__Exercise objective__
Copy out the entries below exactly as they stand, but only from the line containing "Mauve Mussels of" through the line containing "Polis memuru sağanak".
+++ Data supplied
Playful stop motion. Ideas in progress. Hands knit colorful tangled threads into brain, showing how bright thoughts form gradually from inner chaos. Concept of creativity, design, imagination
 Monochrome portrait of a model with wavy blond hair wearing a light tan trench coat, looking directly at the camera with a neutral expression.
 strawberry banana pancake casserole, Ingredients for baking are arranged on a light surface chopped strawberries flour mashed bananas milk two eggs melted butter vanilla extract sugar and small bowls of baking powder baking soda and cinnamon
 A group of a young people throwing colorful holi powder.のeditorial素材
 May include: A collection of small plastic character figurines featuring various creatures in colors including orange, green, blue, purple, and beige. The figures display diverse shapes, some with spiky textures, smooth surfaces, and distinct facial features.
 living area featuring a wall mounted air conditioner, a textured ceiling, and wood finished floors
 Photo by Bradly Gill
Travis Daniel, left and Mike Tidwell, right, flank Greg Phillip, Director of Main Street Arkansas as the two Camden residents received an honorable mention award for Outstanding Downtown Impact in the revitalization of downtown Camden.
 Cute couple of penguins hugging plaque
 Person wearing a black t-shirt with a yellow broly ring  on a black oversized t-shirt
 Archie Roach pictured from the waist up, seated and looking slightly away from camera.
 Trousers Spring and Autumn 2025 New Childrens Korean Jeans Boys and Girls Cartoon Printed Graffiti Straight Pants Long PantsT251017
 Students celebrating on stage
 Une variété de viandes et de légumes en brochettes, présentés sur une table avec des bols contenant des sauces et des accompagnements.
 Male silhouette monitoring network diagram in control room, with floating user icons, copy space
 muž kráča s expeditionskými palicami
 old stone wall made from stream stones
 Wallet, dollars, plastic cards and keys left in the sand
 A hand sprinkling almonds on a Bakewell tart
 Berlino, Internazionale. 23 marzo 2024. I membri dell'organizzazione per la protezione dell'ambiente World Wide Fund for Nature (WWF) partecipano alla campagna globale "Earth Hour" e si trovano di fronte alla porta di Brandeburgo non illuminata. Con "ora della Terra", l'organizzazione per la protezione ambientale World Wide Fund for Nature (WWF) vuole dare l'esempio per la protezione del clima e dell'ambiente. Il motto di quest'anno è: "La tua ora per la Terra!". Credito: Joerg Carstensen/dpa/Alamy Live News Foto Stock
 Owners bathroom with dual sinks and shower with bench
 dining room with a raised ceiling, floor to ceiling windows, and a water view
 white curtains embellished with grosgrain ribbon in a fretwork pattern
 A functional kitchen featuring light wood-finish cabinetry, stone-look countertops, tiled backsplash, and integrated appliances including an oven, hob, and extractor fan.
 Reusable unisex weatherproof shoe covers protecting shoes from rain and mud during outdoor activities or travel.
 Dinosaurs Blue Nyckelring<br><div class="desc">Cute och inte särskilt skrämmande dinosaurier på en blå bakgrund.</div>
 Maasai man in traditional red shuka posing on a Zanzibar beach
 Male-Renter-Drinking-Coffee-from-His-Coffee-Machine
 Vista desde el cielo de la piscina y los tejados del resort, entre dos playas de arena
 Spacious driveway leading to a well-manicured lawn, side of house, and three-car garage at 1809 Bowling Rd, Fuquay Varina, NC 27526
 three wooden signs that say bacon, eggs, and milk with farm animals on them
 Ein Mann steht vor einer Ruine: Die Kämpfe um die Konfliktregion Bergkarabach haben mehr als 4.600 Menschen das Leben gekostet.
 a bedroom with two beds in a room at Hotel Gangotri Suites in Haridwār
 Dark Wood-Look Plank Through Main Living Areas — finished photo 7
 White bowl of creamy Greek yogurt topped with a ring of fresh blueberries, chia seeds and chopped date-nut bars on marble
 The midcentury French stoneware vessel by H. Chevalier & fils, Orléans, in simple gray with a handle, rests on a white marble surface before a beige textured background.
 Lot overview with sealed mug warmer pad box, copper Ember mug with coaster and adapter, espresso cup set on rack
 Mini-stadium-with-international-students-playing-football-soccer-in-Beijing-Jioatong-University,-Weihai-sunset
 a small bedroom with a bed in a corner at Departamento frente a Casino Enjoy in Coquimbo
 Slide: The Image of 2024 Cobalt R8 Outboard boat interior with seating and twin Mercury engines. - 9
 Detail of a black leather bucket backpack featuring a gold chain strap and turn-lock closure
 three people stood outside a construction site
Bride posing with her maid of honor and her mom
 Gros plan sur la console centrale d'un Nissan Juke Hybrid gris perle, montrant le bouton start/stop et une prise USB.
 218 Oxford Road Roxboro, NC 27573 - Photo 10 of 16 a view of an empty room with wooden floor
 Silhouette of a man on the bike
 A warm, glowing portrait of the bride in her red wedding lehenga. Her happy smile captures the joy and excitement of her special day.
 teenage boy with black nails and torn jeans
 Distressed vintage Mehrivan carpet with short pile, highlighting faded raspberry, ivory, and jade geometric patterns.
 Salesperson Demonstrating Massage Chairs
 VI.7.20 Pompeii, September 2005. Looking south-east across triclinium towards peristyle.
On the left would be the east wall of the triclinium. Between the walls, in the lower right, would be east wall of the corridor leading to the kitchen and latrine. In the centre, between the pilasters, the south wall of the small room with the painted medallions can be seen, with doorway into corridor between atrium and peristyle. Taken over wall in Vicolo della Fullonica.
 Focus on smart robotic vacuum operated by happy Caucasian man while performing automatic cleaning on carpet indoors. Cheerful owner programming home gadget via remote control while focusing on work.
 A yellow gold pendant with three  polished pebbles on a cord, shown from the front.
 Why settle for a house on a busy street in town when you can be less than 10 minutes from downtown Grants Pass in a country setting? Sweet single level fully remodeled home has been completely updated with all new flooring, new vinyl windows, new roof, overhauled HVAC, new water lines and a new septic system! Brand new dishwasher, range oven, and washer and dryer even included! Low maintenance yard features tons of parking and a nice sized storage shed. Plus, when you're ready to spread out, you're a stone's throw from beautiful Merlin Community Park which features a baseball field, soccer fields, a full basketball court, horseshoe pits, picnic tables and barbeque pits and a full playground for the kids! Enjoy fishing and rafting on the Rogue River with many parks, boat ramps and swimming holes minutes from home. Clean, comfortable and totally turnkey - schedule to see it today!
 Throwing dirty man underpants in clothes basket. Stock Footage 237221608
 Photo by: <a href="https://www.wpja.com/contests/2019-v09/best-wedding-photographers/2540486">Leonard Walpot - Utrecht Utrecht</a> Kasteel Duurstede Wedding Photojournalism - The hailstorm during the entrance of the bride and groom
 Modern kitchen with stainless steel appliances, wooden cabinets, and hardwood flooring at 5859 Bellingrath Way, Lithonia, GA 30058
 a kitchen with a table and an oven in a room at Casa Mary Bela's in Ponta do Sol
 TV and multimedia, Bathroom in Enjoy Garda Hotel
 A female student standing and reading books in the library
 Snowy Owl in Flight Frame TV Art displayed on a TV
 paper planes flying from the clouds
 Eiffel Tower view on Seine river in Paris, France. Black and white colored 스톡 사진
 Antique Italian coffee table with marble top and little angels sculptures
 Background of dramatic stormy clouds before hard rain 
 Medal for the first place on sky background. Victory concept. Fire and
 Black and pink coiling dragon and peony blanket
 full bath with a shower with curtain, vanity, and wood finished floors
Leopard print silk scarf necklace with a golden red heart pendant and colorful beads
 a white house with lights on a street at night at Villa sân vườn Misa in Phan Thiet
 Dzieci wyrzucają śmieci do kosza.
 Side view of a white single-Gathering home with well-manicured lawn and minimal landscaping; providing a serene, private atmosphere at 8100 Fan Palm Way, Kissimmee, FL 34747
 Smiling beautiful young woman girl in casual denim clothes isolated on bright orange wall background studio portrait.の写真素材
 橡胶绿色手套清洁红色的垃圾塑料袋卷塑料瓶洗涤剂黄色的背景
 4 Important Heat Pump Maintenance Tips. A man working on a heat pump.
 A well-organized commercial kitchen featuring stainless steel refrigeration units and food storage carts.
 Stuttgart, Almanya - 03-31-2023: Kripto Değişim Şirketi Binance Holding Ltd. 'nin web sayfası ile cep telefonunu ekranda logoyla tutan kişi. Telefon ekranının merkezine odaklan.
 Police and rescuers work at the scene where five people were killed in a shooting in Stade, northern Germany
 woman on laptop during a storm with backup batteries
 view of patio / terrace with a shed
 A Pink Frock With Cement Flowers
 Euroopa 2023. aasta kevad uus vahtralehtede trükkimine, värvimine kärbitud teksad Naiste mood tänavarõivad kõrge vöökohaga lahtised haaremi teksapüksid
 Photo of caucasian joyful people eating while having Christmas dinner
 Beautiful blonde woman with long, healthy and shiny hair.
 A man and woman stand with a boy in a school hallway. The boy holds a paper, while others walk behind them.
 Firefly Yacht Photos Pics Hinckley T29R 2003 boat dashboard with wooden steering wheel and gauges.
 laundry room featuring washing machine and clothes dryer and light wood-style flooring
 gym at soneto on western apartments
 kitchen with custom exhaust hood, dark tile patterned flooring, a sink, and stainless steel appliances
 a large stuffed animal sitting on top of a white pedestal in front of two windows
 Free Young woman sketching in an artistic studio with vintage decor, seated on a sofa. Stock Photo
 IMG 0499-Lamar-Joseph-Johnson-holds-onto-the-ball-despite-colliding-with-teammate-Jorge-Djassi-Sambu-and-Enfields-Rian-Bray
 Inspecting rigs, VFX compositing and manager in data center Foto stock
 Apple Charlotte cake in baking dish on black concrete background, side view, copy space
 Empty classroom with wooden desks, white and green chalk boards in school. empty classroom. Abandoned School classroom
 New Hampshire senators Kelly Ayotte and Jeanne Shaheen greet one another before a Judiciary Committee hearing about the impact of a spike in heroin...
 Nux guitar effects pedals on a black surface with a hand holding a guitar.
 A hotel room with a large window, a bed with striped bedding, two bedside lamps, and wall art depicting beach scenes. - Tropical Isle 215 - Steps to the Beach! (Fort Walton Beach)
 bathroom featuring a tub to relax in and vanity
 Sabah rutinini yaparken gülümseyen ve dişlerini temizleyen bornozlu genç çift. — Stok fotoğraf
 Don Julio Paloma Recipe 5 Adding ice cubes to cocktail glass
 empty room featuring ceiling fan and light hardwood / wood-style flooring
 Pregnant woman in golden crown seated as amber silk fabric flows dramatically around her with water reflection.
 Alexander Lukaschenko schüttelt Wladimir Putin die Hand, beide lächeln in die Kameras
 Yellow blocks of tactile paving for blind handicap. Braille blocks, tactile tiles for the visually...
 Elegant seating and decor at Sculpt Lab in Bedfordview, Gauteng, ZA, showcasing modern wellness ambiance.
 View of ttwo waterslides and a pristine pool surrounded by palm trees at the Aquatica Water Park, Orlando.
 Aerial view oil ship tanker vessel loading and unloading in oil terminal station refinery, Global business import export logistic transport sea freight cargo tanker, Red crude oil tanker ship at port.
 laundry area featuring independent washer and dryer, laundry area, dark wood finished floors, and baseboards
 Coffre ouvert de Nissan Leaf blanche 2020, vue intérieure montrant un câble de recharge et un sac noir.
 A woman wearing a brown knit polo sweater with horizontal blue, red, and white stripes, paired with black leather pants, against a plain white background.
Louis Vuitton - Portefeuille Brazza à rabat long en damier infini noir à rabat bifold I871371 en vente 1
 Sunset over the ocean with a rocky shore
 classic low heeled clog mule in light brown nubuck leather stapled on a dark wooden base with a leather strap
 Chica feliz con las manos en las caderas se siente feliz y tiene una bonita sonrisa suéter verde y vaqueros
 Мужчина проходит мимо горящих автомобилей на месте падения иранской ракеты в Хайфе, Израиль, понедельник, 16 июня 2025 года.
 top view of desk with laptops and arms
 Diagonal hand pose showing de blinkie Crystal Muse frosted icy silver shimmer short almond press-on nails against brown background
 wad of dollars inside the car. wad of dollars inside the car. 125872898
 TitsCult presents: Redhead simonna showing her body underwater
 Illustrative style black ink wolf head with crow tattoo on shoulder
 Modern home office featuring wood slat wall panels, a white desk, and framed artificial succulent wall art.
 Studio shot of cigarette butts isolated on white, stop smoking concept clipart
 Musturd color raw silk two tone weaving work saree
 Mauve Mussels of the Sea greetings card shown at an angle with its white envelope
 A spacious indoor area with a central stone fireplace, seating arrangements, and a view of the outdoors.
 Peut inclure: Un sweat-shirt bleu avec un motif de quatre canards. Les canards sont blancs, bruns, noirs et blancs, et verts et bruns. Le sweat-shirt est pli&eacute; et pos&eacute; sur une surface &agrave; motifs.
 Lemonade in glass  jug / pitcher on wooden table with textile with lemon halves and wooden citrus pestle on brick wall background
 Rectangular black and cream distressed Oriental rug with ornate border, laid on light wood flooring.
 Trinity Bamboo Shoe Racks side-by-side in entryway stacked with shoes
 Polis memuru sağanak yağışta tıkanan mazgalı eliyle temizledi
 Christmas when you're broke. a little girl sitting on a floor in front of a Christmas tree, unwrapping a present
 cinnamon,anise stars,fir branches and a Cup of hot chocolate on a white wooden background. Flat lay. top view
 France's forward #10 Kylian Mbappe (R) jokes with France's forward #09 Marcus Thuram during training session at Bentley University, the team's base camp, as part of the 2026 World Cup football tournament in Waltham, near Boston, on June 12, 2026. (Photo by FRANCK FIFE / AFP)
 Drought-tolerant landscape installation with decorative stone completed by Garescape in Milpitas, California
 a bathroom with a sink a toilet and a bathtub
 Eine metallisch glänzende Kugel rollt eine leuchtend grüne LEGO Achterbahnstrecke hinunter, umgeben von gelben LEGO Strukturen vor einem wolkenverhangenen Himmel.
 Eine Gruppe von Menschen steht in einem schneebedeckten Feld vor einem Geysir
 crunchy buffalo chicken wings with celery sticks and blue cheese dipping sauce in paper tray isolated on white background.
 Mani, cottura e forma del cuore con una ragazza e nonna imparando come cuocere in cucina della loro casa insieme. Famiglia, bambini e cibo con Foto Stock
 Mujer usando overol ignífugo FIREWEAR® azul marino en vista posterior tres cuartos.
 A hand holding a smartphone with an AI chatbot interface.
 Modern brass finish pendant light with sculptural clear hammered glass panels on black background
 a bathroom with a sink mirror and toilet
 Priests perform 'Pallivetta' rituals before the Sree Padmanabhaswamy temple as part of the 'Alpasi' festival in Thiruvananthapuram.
++++++
__Result below__
 Mauve Mussels of the Sea greetings card shown at an angle with its white envelope
 A spacious indoor area with a central stone fireplace, seating arrangements, and a view of the outdoors.
 Peut inclure: Un sweat-shirt bleu avec un motif de quatre canards. Les canards sont blancs, bruns, noirs et blancs, et verts et bruns. Le sweat-shirt est pli&eacute; et pos&eacute; sur une surface &agrave; motifs.
 Lemonade in glass  jug / pitcher on wooden table with textile with lemon halves and wooden citrus pestle on brick wall background
 Rectangular black and cream distressed Oriental rug with ornate border, laid on light wood flooring.
 Trinity Bamboo Shoe Racks side-by-side in entryway stacked with shoes
 Polis memuru sağanak yağışta tıkanan mazgalı eliyle temizledi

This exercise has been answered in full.